Litigation Group Successfully Defends $209M Claim at Trial

Charles Johnson, III - Bradenton Attorney

Charles Johnson, Litigation Attorney

A contract signed without legal review may place you at risk.

Among trial lawyers, it is called a “bet the company” case, which simply means if you lose the case you are out of business and bankrupt.  Chuck Johnson and Mary LeVine recently went to trial on a true “bet the company” case and prevailed.

In 2013, our client, a specialty manufacturer, was approached by a provider of welding and related services in the power generation industry.  The parties discussed how they might work together for their mutual benefit.  The other side mentioned that they thought a “contract of sorts” would be appropriate.  The contract the other side prepared without counsel was only four pages and seemed straightforward enough.  Indeed, it seemed so straightforward that the client signed it without counsel.

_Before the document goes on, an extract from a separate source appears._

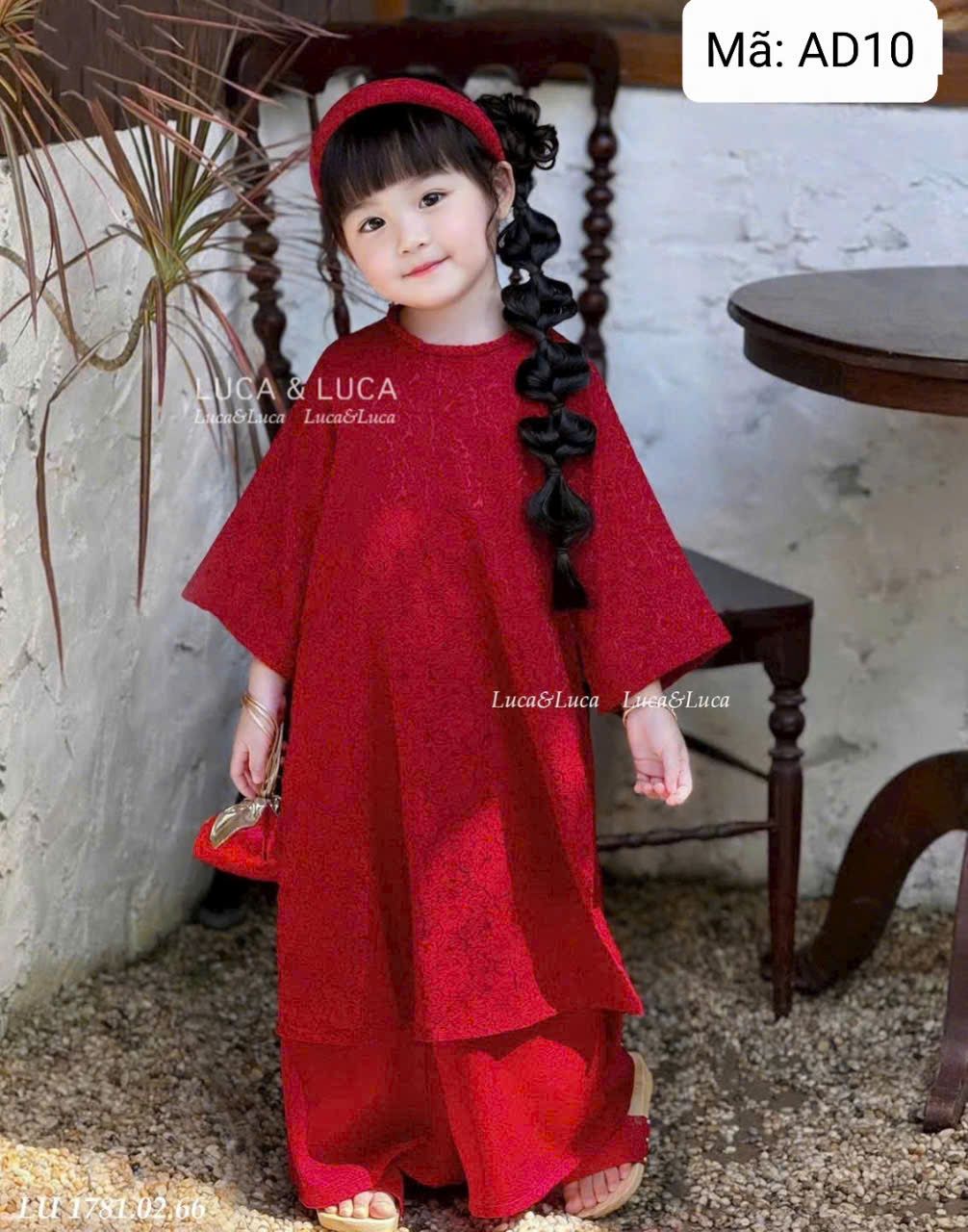  AD12 _ Bộ áo dài Tết cho bé gái tông màu đỏ truyền thống họa tiết hoa nhí đáng yêu _ Beekids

After the honeymoon ended, the other side filed for arbitration in Minnesota per the terms of the contract.  Initially, the claim was for $130,000.  In September, 2014, the first depositions were taken in Florida.  The parties also had an unsuccessful settlement meeting.  As an aside, the other side traveled to the Florida meeting and depositions in their $3,000,000 jet.  Later that month, things got more interesting.  The other side paid a $40,000 filing fee with the American Arbitration Association and amended their claim to seek $209,000,000 in damages. The new claim sought damages for lost profits on a nationwide basis over 10 years. The reaction to the new enormous claim was mixed.  On one hand, the claim seemed absurd and overreaching.  How could a rational arbitrator award $209,000,000?   On the other hand, if the arbitrator agreed with the claim – or even a small percentage of the claim – or even the methodology of the claim, then the life’s work of the client would be lost.  To add to the risks, there is almost no right of appeal from an adverse arbitration ruling.

The case went to trial in a Minneapolis conference room at the American Arbitration Association.  The arbitrator heard from 15 witnesses and received almost 400 exhibits in evidence.   At the end of the trial, the arbitrator took the matter under advisement and indicated he would email his ruling to the parties within 30 days.  In the ruling, the arbitrator evidenced a superficial understanding of the facts, but he got the main point exactly right.   The arbitrator found no breach of the contract and that our client was no longer bound by the 10-year term of the contract.

The moral of the story is in two parts.  First, a contract signed without legal review may place you at significant risk.  Sometimes the risks are concealed by legal jargon and sometimes they are so obvious they are overlooked.  Second, arbitration is risky.  There is almost no ability to “fix” an adverse arbitration decision.  You should only give up your right to a trial by Judge/Jury with a complete understanding of the consequences.